- AVAILABLE DATA

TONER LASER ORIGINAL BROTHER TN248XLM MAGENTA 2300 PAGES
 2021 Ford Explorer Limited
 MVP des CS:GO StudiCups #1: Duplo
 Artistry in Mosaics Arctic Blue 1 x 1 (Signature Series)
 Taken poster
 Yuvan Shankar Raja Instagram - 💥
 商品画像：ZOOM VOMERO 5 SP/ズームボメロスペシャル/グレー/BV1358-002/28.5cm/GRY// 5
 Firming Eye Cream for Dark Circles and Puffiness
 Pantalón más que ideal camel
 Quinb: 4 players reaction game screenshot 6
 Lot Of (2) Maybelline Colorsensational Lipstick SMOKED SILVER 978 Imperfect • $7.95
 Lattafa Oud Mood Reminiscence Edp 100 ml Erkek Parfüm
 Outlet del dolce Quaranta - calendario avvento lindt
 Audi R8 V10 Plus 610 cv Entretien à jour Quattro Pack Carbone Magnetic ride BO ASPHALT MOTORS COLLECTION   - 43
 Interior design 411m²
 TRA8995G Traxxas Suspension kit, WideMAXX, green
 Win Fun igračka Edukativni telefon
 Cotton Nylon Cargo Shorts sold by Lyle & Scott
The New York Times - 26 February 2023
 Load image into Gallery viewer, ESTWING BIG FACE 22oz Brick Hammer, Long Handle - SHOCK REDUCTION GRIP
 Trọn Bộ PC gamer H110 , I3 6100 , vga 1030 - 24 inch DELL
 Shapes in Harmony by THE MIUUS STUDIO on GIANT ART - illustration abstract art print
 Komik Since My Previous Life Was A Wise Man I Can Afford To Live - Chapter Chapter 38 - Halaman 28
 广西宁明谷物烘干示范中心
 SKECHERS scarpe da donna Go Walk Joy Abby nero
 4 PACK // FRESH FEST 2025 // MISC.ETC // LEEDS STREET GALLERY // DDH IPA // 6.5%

- TASK
Provide an exact copy of all the material.

- YOUR SOLUTION
TONER LASER ORIGINAL BROTHER TN248XLM MAGENTA 2300 PAGES
 2021 Ford Explorer Limited
 MVP des CS:GO StudiCups #1: Duplo
 Artistry in Mosaics Arctic Blue 1 x 1 (Signature Series)
 Taken poster
 Yuvan Shankar Raja Instagram - 💥
 商品画像：ZOOM VOMERO 5 SP/ズームボメロスペシャル/グレー/BV1358-002/28.5cm/GRY// 5
 Firming Eye Cream for Dark Circles and Puffiness
 Pantalón más que ideal camel
 Quinb: 4 players reaction game screenshot 6
 Lot Of (2) Maybelline Colorsensational Lipstick SMOKED SILVER 978 Imperfect • $7.95
 Lattafa Oud Mood Reminiscence Edp 100 ml Erkek Parfüm
 Outlet del dolce Quaranta - calendario avvento lindt
 Audi R8 V10 Plus 610 cv Entretien à jour Quattro Pack Carbone Magnetic ride BO ASPHALT MOTORS COLLECTION   - 43
 Interior design 411m²
 TRA8995G Traxxas Suspension kit, WideMAXX, green
 Win Fun igračka Edukativni telefon
 Cotton Nylon Cargo Shorts sold by Lyle & Scott
The New York Times - 26 February 2023
 Load image into Gallery viewer, ESTWING BIG FACE 22oz Brick Hammer, Long Handle - SHOCK REDUCTION GRIP
 Trọn Bộ PC gamer H110 , I3 6100 , vga 1030 - 24 inch DELL
 Shapes in Harmony by THE MIUUS STUDIO on GIANT ART - illustration abstract art print
 Komik Since My Previous Life Was A Wise Man I Can Afford To Live - Chapter Chapter 38 - Halaman 28
 广西宁明谷物烘干示范中心
 SKECHERS scarpe da donna Go Walk Joy Abby nero
 4 PACK // FRESH FEST 2025 // MISC.ETC // LEEDS STREET GALLERY // DDH IPA // 6.5%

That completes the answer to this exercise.